DESCRIPTION OF THE TASK: Look through the entries below and report how many lines hold the string "White". Only the number is wanted.

########################################

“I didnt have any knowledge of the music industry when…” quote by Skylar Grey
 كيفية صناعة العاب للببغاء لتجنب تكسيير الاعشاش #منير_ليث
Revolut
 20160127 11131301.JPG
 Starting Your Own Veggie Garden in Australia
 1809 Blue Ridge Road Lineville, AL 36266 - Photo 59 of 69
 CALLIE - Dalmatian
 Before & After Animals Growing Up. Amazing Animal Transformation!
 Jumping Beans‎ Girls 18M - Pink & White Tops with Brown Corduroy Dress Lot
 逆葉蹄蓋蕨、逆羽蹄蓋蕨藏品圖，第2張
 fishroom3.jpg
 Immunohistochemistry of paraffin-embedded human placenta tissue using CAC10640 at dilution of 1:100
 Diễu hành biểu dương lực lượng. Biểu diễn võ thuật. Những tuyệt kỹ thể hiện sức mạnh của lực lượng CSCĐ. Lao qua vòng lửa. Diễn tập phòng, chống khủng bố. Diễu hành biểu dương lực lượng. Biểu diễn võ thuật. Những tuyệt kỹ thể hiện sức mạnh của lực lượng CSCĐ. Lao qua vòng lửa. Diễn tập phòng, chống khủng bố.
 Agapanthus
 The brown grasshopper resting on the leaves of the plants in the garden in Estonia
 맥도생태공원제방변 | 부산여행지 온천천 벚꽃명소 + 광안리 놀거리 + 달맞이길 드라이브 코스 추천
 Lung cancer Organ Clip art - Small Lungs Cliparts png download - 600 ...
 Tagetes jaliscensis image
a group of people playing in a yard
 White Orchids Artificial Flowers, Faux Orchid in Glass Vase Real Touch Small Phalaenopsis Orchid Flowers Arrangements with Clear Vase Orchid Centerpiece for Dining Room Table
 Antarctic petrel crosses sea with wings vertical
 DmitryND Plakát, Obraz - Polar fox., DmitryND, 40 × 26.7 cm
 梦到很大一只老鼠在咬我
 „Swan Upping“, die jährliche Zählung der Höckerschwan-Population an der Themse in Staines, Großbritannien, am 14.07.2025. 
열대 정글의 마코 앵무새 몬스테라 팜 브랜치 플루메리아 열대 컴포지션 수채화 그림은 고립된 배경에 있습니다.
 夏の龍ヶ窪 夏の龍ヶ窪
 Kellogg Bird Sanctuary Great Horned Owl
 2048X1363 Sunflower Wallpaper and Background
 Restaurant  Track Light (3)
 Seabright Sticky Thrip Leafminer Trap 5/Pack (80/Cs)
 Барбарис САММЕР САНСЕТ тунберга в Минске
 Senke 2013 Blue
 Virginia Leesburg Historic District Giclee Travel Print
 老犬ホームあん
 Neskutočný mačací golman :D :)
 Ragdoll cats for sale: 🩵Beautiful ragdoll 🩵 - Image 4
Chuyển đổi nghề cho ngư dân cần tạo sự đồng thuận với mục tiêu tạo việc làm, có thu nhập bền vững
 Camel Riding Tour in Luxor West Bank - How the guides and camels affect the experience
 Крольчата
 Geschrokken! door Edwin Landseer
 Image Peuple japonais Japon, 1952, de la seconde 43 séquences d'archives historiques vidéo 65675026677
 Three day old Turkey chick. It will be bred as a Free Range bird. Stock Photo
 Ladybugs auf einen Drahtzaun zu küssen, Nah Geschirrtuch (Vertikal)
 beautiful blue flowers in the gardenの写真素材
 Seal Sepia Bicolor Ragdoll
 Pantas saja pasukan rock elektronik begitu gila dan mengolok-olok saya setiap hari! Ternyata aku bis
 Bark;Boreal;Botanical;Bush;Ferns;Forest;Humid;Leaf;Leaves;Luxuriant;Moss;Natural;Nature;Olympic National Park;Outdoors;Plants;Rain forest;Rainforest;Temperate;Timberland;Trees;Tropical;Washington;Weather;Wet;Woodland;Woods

########################################

WRITTEN RESPONSE: 2